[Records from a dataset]
-- Opening Marker --
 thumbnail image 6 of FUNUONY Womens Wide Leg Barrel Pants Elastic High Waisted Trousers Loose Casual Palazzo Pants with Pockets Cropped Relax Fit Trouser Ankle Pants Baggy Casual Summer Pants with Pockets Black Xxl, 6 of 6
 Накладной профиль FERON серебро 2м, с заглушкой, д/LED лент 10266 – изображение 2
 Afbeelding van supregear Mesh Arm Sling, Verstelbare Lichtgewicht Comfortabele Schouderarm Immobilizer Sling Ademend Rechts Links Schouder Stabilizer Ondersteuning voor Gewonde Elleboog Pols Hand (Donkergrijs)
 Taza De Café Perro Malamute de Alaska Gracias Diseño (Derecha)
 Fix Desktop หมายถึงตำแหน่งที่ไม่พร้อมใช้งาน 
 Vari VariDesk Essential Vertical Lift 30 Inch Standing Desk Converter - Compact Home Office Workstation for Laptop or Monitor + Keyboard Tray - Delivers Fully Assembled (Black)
-- Closing Marker --
**Task**: The response must restate every entry word for word.

**Completed task**:
 thumbnail image 6 of FUNUONY Womens Wide Leg Barrel Pants Elastic High Waisted Trousers Loose Casual Palazzo Pants with Pockets Cropped Relax Fit Trouser Ankle Pants Baggy Casual Summer Pants with Pockets Black Xxl, 6 of 6
 Накладной профиль FERON серебро 2м, с заглушкой, д/LED лент 10266 – изображение 2
 Afbeelding van supregear Mesh Arm Sling, Verstelbare Lichtgewicht Comfortabele Schouderarm Immobilizer Sling Ademend Rechts Links Schouder Stabilizer Ondersteuning voor Gewonde Elleboog Pols Hand (Donkergrijs)
 Taza De Café Perro Malamute de Alaska Gracias Diseño (Derecha)
 Fix Desktop หมายถึงตำแหน่งที่ไม่พร้อมใช้งาน 
 Vari VariDesk Essential Vertical Lift 30 Inch Standing Desk Converter - Compact Home Office Workstation for Laptop or Monitor + Keyboard Tray - Delivers Fully Assembled (Black)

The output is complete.